Я отдаю ей газонокосилку, и она крепко хватается за ручку. Я иду позади и везу коляску. Маленькая газонокосилка мурлычет как кошка, вгрызаясь в траву.

— Как здорово получается! — кричит Мари-Лу.

Я лишь киваю и сосредоточенно провожу коляску между деревьями у сарая. Затем мы едем по прямой через сад. Сив и Рут бегут немного позади нас. Они любят свежескошенную траву. Мари-Лу видит это и смеется. Сегодня она в хорошем настроении.

— Давай споем что-нибудь!

— Что? — спрашиваю я.

Мари-Лу начинает петь песню Джона Леннона «Imagine». Я хоть и не силен в пении, но подпеваю. Мне нравится петь с Мари-Лу, потому что мой голос тонет в ее голосе, сильном и чистом. У каменного ограждения нам нужно развернуться, и я на минутку останавливаюсь. Газонокосилка замолкает. Я тоже закрываю рот и сосредотачиваюсь на коляске. Но голос Мари-Лу продолжает петь, разносясь по двору, летя к озеру: «Imagine there's no heaven? It is not hard to do…»

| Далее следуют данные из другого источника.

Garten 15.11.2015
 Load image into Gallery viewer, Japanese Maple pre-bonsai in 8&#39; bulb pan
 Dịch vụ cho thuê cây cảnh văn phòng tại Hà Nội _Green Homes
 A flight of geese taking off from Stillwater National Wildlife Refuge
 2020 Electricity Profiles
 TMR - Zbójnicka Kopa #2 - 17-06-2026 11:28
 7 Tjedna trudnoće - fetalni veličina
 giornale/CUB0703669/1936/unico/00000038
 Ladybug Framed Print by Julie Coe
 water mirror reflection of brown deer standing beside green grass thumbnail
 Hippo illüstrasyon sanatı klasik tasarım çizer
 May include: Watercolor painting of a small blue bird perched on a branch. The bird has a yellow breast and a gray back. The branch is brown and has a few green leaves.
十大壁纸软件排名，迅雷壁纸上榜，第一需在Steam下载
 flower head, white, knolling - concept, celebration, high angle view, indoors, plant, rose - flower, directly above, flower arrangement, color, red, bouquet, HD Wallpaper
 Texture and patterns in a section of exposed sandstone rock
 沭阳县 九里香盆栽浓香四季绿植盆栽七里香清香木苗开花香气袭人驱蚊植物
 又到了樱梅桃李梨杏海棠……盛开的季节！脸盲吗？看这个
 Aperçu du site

Это так красиво, что по моему телу бегут мурашки.

Затем я снова начинаю аккомпанировать ей газонокосилкой.

Мари-Лу хочет, чтобы я потренировался плавать, но я отказываюсь. Все равно не получится. Я не хочу. Говорю, что мое терпение лопнуло, и я больше не могу. Уж лучше пойду и куплю себе спасательный жилет. Ведь есть обычные куртки с пришитым к подкладке спасательным жилетом. Вот такую я и хочу приобрести.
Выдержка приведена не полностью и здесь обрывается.